FIG. 3 shows a detailed plan view of the ink mixing chamber of microfluidic printing apparatus in the present invention. FIG. 4 is a cross-sectional view of the ink mixing chamber as shown in FIG. 3 with closed microvalves. microvalve includes a micro-shutter (see 200 or 220), a piezo plate 190, and a microbeam 180. FIG. 5 is a cross-sectional view of the ink mixing chamber as shown in FIG. 3 with opened microvalves. For clarity of illustration, the black ink flow channel is not shown in FIGS. 3-5. Each ink mixing chamber 60 is fabricated in a glass substrate 280. Each ink mixing chamber 60 is connected to microchannels 240, 250, 260 and 270 for colorless, cyan, magenta and yellow inks respectively. The microchannels 240, 250, 260 and 270 for receiving an electrokinetic pump which pumps ink from the corresponding ink reservoirs 10, 20, 30, 40 (FIG. 1) in accordance with electrical signals from the microcomputer 110. A microbeam 180, supported by a microbeam support 290, is attached to the micro-shutters for each ink (such as the micro-shutters 240 and 260 for colorless and magenta inks). The microbeam 180 is attached to several piezo plates 190 with each of the piezo plates 190 controlling the deflection of the beam and thus the opening of the micro-shutter for that color ink channel. A bimetallic actuator can also be used in place of the piezo plates 190 for deflecting the microbeam and regulating the micro-shutters (e.g. 200 and 220 etc.). In FIG. 4, the micro-shutters 240 and 260 are shown in a closed state with the piezoplates unactivated and the microbeam undeflected. In FIG. 5, the piezoplates are activated in a bend mode, the microbeam 180 deflected, and the micro-shutters 200 and 220 are in an open state.
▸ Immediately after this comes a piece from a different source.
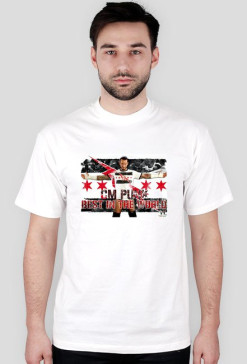 Koszulka Cm punk the best in the world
Many other types of microvalves can be used for the present invention. One example is a microvalve comprising a bimetallically driven diaphragms as described in p26 Sensor, September, 1994. Other types of microvalves are disclosed in U.S. Pat. Nos. 5,178,190, 5,238,223, 5,259,737, 5,367,878, and 5,400,824.
The typical printing operation in the present invention involves the following steps. First the microcomputer 110 that controls the printer receives a digital image file consisting of electronic signals in which the color code values are characterized by bit depths of an essentially continuous tone image, for example, 8 bits per color per pixel. The color code values at each pixel, define the lightness, hue and color saturation at the pixel. In the default non-printing mode, the micro-shutters 200, 220, etc. are closed. This prevents ink solutions from drying up at the outlets of the microchannels which often causes kogation problems in the microchannels. When the printing command is received from the microcomputer 110, electric activation pulses are sent to bend the piezo plates 190 and deflect the microbeam 180, and open up the microshutters such as 200, 220, etc. for the microchannels 240, 250, 260 and 270 for each ink. The electrokinetic pumps connected to the corresponding microchannels 240, 250, 260, and 270 around each ink mixing chamber 60 pump the designated cyan, magenta, yellow, and clear inks in an amount corresponding to the code values at the pixel from the ink reservoirs 20, 30, 40 and 80, into the ink mixing chamber 60. Again, the black ink can be included for appropriate printing applications. After the pumping of the inks is completed, the micro-shutters such as 200 and 220 are closed. The mixture of inks, which has the same hue, lightness and color saturation as the corresponding pixel of the original image being printed, is held in the mixing chamber 60 by the surface tension of the ink solution. The reflective receiver 100 is subsequently placed in contact with the ink meniscus of the ink mixing chambers 60 within the printer front plate 120. The mixture of inks contained in the mixing chamber 60 is then drawn into the reflective receiver by the absorbing force (such as capillary action) of the pores in the receiver. Since the ink mixture in ink mixing chamber 60 is shut off from the ink reservoir in the printing apparatus, the contact time for the ink transfer is no longer critical. In addition, the because the ink mixture in ink mixing chamber 60 is isolated, the requirement on the receiver type is much relaxed. Any receiver medium 100 is applicable to this invention printing apparatus as long as it is capable of absorbing the ink fluids.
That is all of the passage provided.